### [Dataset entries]
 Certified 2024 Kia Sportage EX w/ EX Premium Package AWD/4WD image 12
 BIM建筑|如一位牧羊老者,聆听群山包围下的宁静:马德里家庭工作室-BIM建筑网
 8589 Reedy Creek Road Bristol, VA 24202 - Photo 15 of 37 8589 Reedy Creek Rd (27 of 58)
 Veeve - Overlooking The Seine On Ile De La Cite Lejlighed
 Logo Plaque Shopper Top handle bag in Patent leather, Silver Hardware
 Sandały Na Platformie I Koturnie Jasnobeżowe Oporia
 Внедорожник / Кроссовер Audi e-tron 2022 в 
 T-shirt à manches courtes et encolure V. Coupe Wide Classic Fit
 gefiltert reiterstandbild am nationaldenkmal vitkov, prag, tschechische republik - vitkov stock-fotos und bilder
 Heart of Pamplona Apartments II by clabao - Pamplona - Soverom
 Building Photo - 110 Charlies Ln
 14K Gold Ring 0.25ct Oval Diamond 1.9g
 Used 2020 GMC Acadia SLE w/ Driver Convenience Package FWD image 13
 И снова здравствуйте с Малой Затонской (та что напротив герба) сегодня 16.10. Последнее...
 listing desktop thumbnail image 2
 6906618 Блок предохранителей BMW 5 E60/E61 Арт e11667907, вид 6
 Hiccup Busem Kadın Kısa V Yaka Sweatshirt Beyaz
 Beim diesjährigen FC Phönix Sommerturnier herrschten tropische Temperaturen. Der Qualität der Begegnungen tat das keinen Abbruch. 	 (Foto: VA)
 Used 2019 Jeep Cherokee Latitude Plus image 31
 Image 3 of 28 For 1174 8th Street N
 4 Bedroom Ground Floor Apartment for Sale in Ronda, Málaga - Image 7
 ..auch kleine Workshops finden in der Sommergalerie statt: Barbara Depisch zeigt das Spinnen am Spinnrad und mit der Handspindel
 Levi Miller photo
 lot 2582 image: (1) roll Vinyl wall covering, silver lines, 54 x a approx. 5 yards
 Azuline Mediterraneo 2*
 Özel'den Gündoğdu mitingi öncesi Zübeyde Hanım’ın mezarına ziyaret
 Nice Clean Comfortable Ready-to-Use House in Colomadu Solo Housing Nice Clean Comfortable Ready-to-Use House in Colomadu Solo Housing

### [PROBLEM REQUIREMENTS]
Line by line, retype all of the records exactly.

### [EXERCISE RESULT]
 Certified 2024 Kia Sportage EX w/ EX Premium Package AWD/4WD image 12
 BIM建筑|如一位牧羊老者,聆听群山包围下的宁静:马德里家庭工作室-BIM建筑网
 8589 Reedy Creek Road Bristol, VA 24202 - Photo 15 of 37 8589 Reedy Creek Rd (27 of 58)
 Veeve - Overlooking The Seine On Ile De La Cite Lejlighed
 Logo Plaque Shopper Top handle bag in Patent leather, Silver Hardware
 Sandały Na Platformie I Koturnie Jasnobeżowe Oporia
 Внедорожник / Кроссовер Audi e-tron 2022 в 
 T-shirt à manches courtes et encolure V. Coupe Wide Classic Fit
 gefiltert reiterstandbild am nationaldenkmal vitkov, prag, tschechische republik - vitkov stock-fotos und bilder
 Heart of Pamplona Apartments II by clabao - Pamplona - Soverom
 Building Photo - 110 Charlies Ln
 14K Gold Ring 0.25ct Oval Diamond 1.9g
 Used 2020 GMC Acadia SLE w/ Driver Convenience Package FWD image 13
 И снова здравствуйте с Малой Затонской (та что напротив герба) сегодня 16.10. Последнее...
 listing desktop thumbnail image 2
 6906618 Блок предохранителей BMW 5 E60/E61 Арт e11667907, вид 6
 Hiccup Busem Kadın Kısa V Yaka Sweatshirt Beyaz
 Beim diesjährigen FC Phönix Sommerturnier herrschten tropische Temperaturen. Der Qualität der Begegnungen tat das keinen Abbruch. 	 (Foto: VA)
 Used 2019 Jeep Cherokee Latitude Plus image 31
 Image 3 of 28 For 1174 8th Street N
 4 Bedroom Ground Floor Apartment for Sale in Ronda, Málaga - Image 7
 ..auch kleine Workshops finden in der Sommergalerie statt: Barbara Depisch zeigt das Spinnen am Spinnrad und mit der Handspindel
 Levi Miller photo
 lot 2582 image: (1) roll Vinyl wall covering, silver lines, 54 x a approx. 5 yards
 Azuline Mediterraneo 2*
 Özel'den Gündoğdu mitingi öncesi Zübeyde Hanım’ın mezarına ziyaret
 Nice Clean Comfortable Ready-to-Use House in Colomadu Solo Housing Nice Clean Comfortable Ready-to-Use House in Colomadu Solo Housing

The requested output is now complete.